Sometimes scammers will approach you, suggesting they can help you “avoid ATM fees.”

What they’ll do is tell you they have a device to place over the ATM machine to avoid the ATM Fees; this is a card skimmer and will steal your card details!

If someone offers help to you at an ATM, politely deny their help and make sure they’ve distanced themselves before you continue to use the ATM so you avoid them seeing your PIN details.

The best place to get money anywhere is a national bank; going there, you know it’s safe regarding their ATM machines, and you can also ask for help there.

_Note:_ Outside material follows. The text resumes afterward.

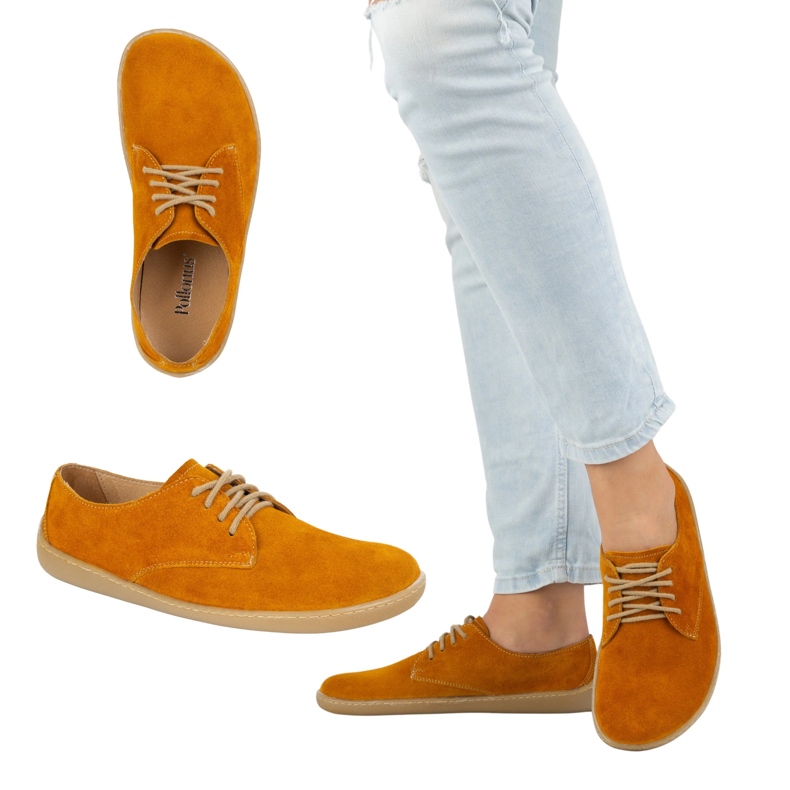 Olivier Zapatillas de zapatillas minimalistas de mujer descalzo 1288pol amarillo 2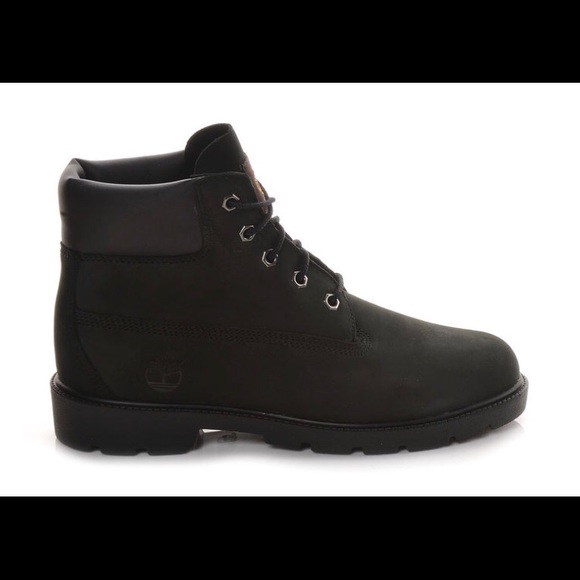 All Black Timberlands. Good Condition - Picture 1 of 5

Also, when traveling, hold limited cash on you and use an international debit card to pay in a local currency anywhere that accepts cards!

Scams in Greece — Final Thoughts

Unfortunately, scams in Greece are common, and it’s been that way in many ways.

And because it’s such a beautiful, picturesque place to visit for all, scammers are aware that some tourists visiting are coming with money. But regardless of that, scammers are out to get anyone they deem a tourist.

As mentioned earlier, don’t allow scammers to represent locals. Greek people are very hospitable.

In fact, when visiting some of the islands in Greece, we ran into several friendly locals of all ages with nothing but good intentions.

Know of the scams in Greece, be wary, but don’t be completely closed off to act of nice service.

Rooftop views of the famous Parthenon lit up at night in Athens, Greece

What is the most common crime in Greece?

For tourists visiting Greece, the most common crime in Greece is pickpocketing. But on a country-wide scale, human trafficking/people smuggling into Europe is the most common crime in Greece.

How safe is Greece for tourists?

Greece overall is a very safe country to visit. If you visit one of the many islands, it’s safer than big cities like Athens. In large cities in Greece, it’s advised to practice general big-city safety tips.

What areas to avoid in Athens?

Areas in Athens like Exarcheia, Vathai, and Kolokoronti Square should be avoided at night. But in the day, you should be fine; keep an eye out for things.

What to be careful of in Greece?

Avoid carrying large sums of cash and exposing it, watch for your belongings, and be wary of unsolicited offers/advice from strangers.